I have a vested interest in the impending changes to disability benefits, because both my brothers are autistic – one severely so. My family depends on the Disability Living Allowance; caring for my brothers is a full time occupation for both my parents, and without support they simply wouldn’t be able to cope.

So I’ve been watching, with concern, the government’s proposal for the Disability Living Allowance to be transformed into something called a Personal Independence Payment (PIP) for people over 16 (including both my brothers). To qualify for this, anyone claiming they have a disability will have to be medically examined, even if they were claiming benefits before. This means that both my brothers will have to have their autism independently assessed.

In light of this, some people expect me to be worried and to lend my support to the charities and special interest groups who are agitating for a delay to the Bill, and an NHS-style U-turn.

But I’m actually cautiously in favour of these reforms. So far, I’ve seen no evidence to persuade me that this Bill isn't reasonable, and I have no reason to think that any assessment of a disabled person’s condition will be unfair. My little brother Joe recently had to take a medical examination – in the manner of those required by PIP – to see if he was able to work. He failed with flying colours. The doctor concluded in under ten minutes that he would never be able to cope in the work place, and recommended to the DWP that he was eligible for Employment Support Allowance. 

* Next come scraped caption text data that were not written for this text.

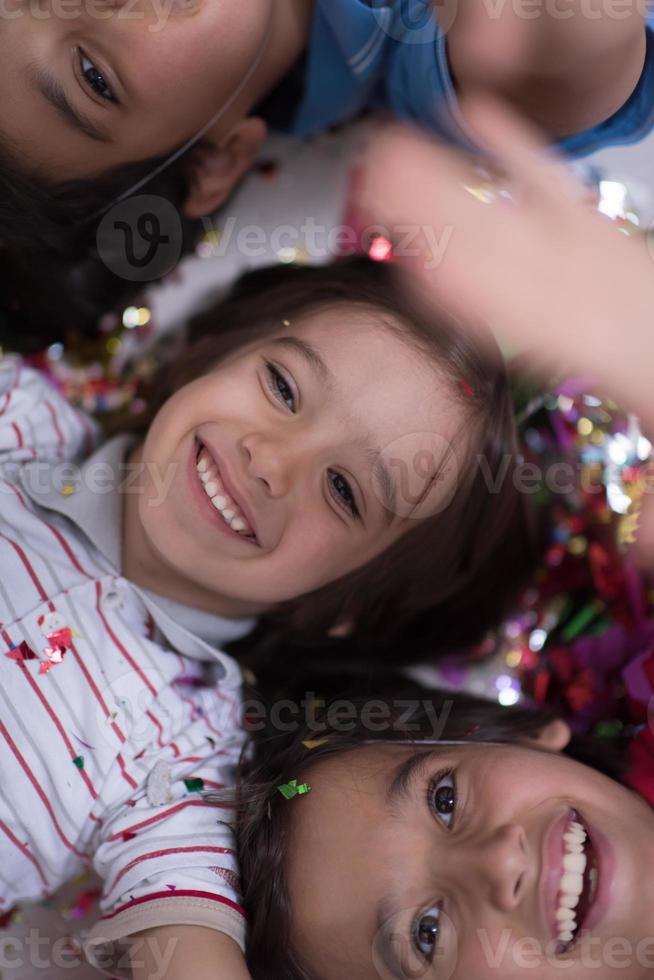 kids  blowing confetti while lying on the floor photo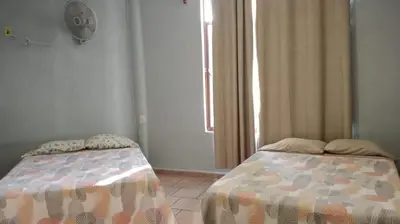 Cama o camas de una habitación en Quinta Corona Hospedaje Familiar
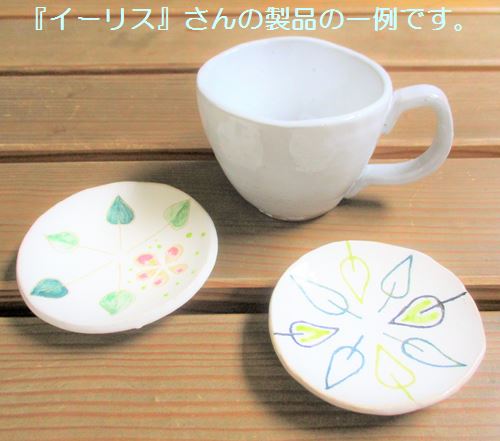 『イーリス』さんの製品である、花や葉っぱがデザインされた陶器の小皿とカップの写真です。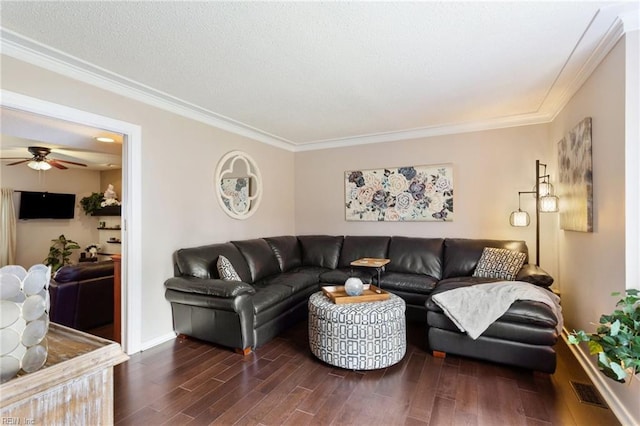 living room featuring a textured ceiling, wood finished floors, a ceiling fan, baseboards, and crown molding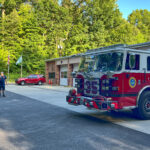 A red fire engine is parked outside the long brown garage with white doors. Two people stand in the parking lot in the background.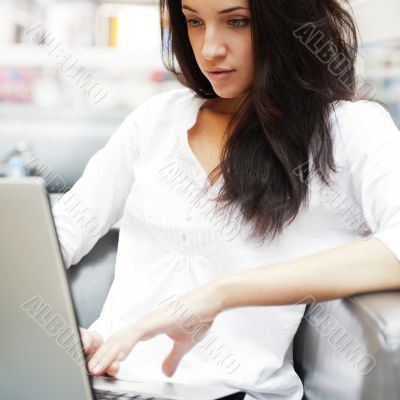 Portrait of a beautiful young woman working on laptop while sitt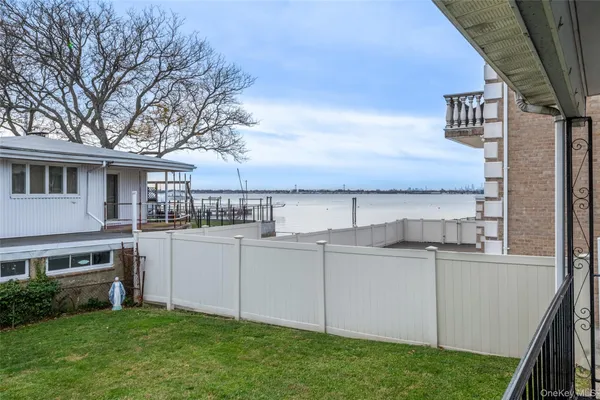 a view of a house with a sink and a yard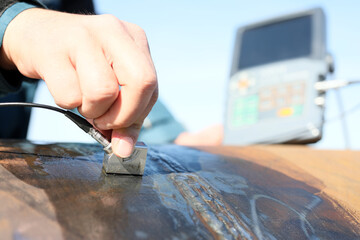 Inspector is testing of the steel pipe welds with ultrasonic test method. It is a non-destructive test method. It can also be used to determine a material's thickness, such as measuring the wall.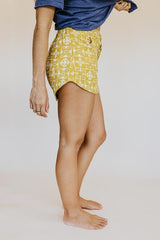 Model wearing Wings Hawaii retro pocket shorts in quilted ulu and plumeria print in marigold thumbnail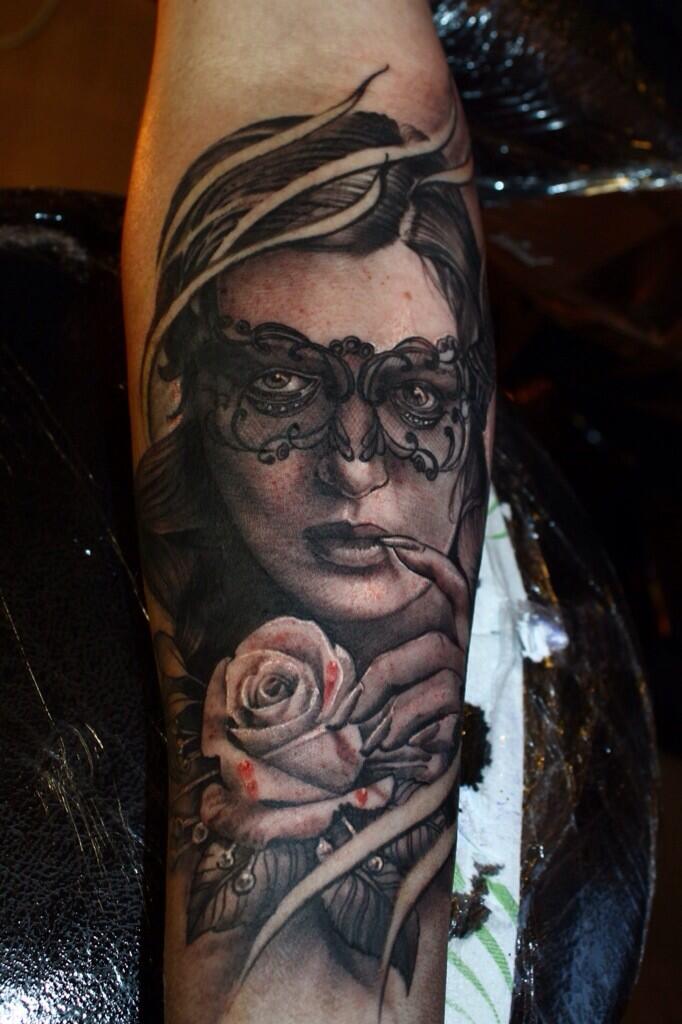 Thinking Girl And Rose Portrait Tattoos On Arm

It’s important to remember is that the current benefits that come with support – such as the blue badge – also seem set to remain.

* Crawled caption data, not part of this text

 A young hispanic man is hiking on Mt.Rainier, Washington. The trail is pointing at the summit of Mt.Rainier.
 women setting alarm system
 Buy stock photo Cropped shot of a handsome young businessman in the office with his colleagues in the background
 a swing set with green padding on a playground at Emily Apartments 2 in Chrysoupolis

The government has made no secret of the fact that it’s planning to save money and expecting many people to fail the PIP test, but that doesn’t necessarily mean that any injustice will be done. Neil O’Brien’s research last week showed that ‘the number of people claiming the benefit has roughly trebled since its introduction in 1992’ and that currently ‘only 6 per cent of claimants have their claim medically assessed by a specialist for the purpose of their claim’. It seems a fair assumption that the amount of fraud is significantly higher than the 0.5 per cent the DWP currently claims. As long as the tests are carried out by reputable and medically qualified people, this new system seems a lot fairer to everybody. 

In fact, despite Polly Toynbee's claims, as far as I can see, the government has been cautious and sensible about making sure these reforms do right by the disabled community. Starting from 2013, it expects the process of examining every claimant to take up to three years. It has engaged with disabled groups, amended proposals and recently agreed to halve the time that seriously ill or disabled people will have to wait to receive PIP – to three months instead of six – a massive improvement, especially for cancer patients. The Welfare Reform Minister, Lord Freud, has also proposed an amendment allowing disabled people living in care homes to keep payments worth up to £51 per week.

Yes, there are still some big questions that haven’t been answered. Who exactly will be conducting these medical examinations? How exactly will PIP be simpler to use than the current DLA? Having had to watch my parents endure mountains of forms, constant phone calls, endless letters, tribunals and other problems caused by DLA bureaucracy while trying to care for my brothers, the promise of making the system simpler is very welcome, but I'll be wary until I see the results for myself. 

But the fact remains that the government has a duty to spend tax payers’ money wisely, as well as to look after the weakest members of society. The charities and lobbyists who fight for the disabled – and indeed for children – do them no favours by assuming all reform is bad.